The cashier looks at me with pity when she rings me up, and I bite back a retort. These people may know what happened, but it doesn’t give them the right to judge. Until they feel the pain I live with on a daily basis, they can keep their pity to themselves.

After putting the shit in the back of the truck, I make my way around to the driver side. My eye catches on Maggie’s Diner across the street. I think about going in and saying hi to Maggie, but I decide against it. I hate going in there and don’t do it very often. It’s another place where the memories bombard me.
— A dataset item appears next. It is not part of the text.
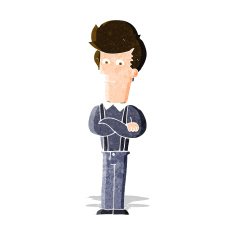 cartoon annoyed man N27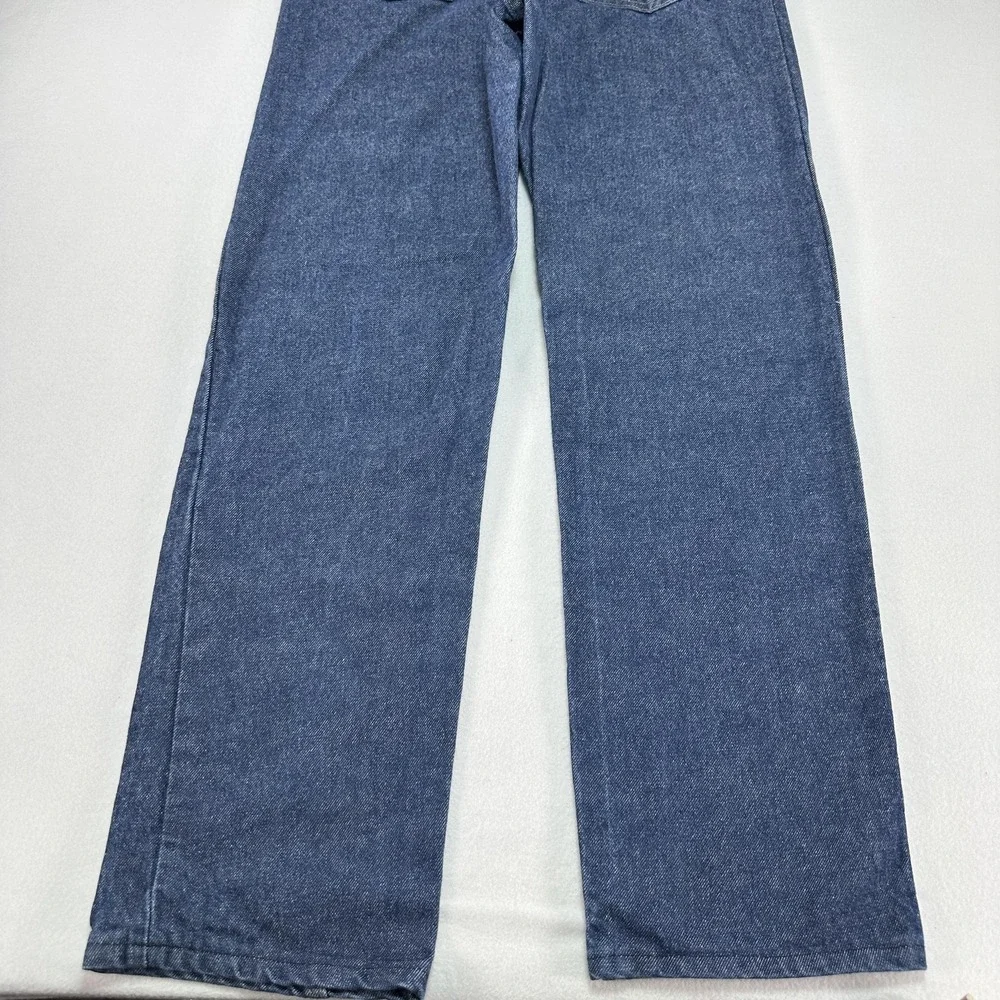 Bulwark FR Jeans Mens 38x34 Blue Relaxed Fit Straight Flame Resistant Denim Work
Another memory surfaces of me driving into town yesterday. Chris and Bailey were walking down the road. Unwillingly, my eyes were drawn to her until I had no choice but to force them back on the road. I ended up on the shoulder with my head turned toward them. I watched as Chris and Bailey made it to Maggie’s. Right before they walked inside, Chris turned her head and looked straight at me. I knew she couldn’t see me through the tint of the glass, but it
felt
like she was looking all the way into my soul. I hadn’t seen her since that morning over a month ago, and I’ll never admit it to anyone, but I missed seeing her. However, the look in her eyes had my brows drawing down into a frown. She looked unhappy. A pang hit my chest at the look. Pissed at the emotion, I turned back around and drove away.